To most abstaining teens, marriage is the golden light at the end of the perilous tunnel of dating--despite what their parents' experience may have been. Though Amanda's mother and father have had a long and stable union, Karl Nicoletti separated from Chris's mother when Chris was in fifth grade. His fiancee moved in with Chris and Karl two years ago; Chris's mother now has a year-and-a-half-old son out of wedlock. Chris and Amanda talk about marriage in the abstract, but they want to go to college first, and they're looking at schools on opposite sides of the country. "I think we could stay together," Chris says. Amanda agrees. "Like we have complete trust in each other," she says. "It's just not hard for us." Whether the bond between them is strong enough to withstand a long-distance relationship is yet to be seen. For now, Chris and Amanda mostly look ahead to their next weekly ritual: the Tuesday pancake lunch.
The Survivor
Remaining a virgin until marriage is neither an easy nor a common choice in Latoya Huggins's part of Paterson, N.J. At least three of her friends became single mothers while they were still in high school, one by an older man who now wants nothing to do with the child. "It's hard for her to finish school," Latoya says, "because she has to take the baby to get shots and stuff."

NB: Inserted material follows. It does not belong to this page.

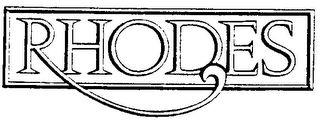 RHODES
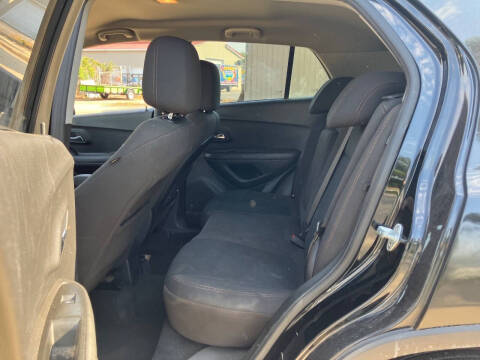 2020 Chevrolet Trax LS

Latoya lives in a chaotic world: so far this year, more than a dozen people have been murdered in her neighborhood. It's a life that makes her sexuality seem like one of the few things she can actually control. "I don't even want a boyfriend until after college," says Latoya, who's studying to be a beautician at a technical high school. "Basically I want a lot out of life. My career choices are going to need a lot of time and effort."
Latoya, 18, could pass for a street-smart 28. She started thinking seriously about abstinence five years ago, when a national outreach program called Free Teens began teaching classes at her church. The classes reinforced what she already knew from growing up in Paterson--that discipline is the key to getting through your teen years alive. Earlier this year she dated a 21-year-old appliance salesman from her neighborhood, until Latoya heard that he was hoping she'd have sex with him. "We decided that we should just be friends," she explains, "before he cheated on me or we split up in a worse way."